Return the following from the records below: each line, word for word, starting with the line that contains "Birthday cake transparent" and going on through the line that contains "Windows Ejecutar como", with nothing outside that range.
[MATERIAL FOR THIS TASK — start]
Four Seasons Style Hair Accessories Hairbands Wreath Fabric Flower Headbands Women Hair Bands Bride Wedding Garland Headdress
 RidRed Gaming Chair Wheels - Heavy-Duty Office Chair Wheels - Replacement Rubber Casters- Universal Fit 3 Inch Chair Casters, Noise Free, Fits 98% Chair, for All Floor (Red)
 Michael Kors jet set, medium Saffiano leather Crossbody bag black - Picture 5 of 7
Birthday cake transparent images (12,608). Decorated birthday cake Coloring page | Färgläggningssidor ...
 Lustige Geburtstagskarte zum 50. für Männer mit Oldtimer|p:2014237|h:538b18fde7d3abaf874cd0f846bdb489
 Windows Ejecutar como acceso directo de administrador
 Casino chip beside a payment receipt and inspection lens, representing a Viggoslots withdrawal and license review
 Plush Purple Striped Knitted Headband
[MATERIAL FOR THIS TASK — finish]
TASK RESPONSE »
Birthday cake transparent images (12,608). Decorated birthday cake Coloring page | Färgläggningssidor ...
 Lustige Geburtstagskarte zum 50. für Männer mit Oldtimer|p:2014237|h:538b18fde7d3abaf874cd0f846bdb489
 Windows Ejecutar como acceso directo de administrador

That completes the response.